Police seeking three suspects



shooting, DC Eagle, assault, hate crime, anti-gay attack, police discrimination, sex police, Sisson, gay news, Washington Blade

D.C. police are investigating a June 6 assault and stabbing of a transgender woman at a laundromat on Benning Road in Northeast Washington that a police incident report lists as a suspected anti-LGBT hate crime.

“On Sunday, June 6, 2021, MPD officers responded to a radio assignment for a stabbing at 1653 Benning Road, N.E.,” the report says. “Officers arrived on the scene with Victim 1 bleeding,” the report continues. “Victim 1 stated that they were stabbed in the head and assaulted by Suspect 1, Suspect 2, and Suspect 3,” according to the report.

The report, which lists the incident as an assault with a dangerous weapon, says officers provided first aid to the victim until an ambulance arrived and took the victim to a local hospital for medical treatment. The report does not disclose the victim’s gender identity or sexual orientation.

But D.C. transgender activists Earline Budd, an official with the LGBTQ supportive group HIPS, and Ruby Corado, founder and CEO of the LGBTQ community services center Casa Ruby, each said they learned that the victim is a transgender woman.

Corado said she has heard that the victim was recovering from her injuries and may have been released from the hospital where she was treated.

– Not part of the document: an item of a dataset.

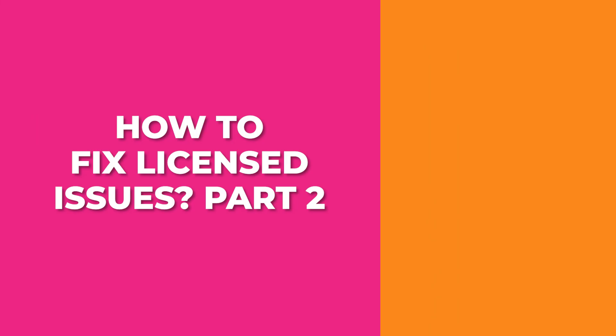In this Minute Express with Adobe Express, I'm going to show you how to fix licensed font issues part two.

D.C.’s Fox 5 News reported details of the incident that were not in the police report obtained by the Washington Blade. According to Fox 5, the victim told D.C. police the assailants used anti-LGBTQ slurs during the attack and the assailants consisted of a man and two women who “beat her and stabbed her in the head.”

The police report obtained by the Blade from the police public information office does provide a description of the three suspects and does not state whether or not the victim knew them prior to the attack.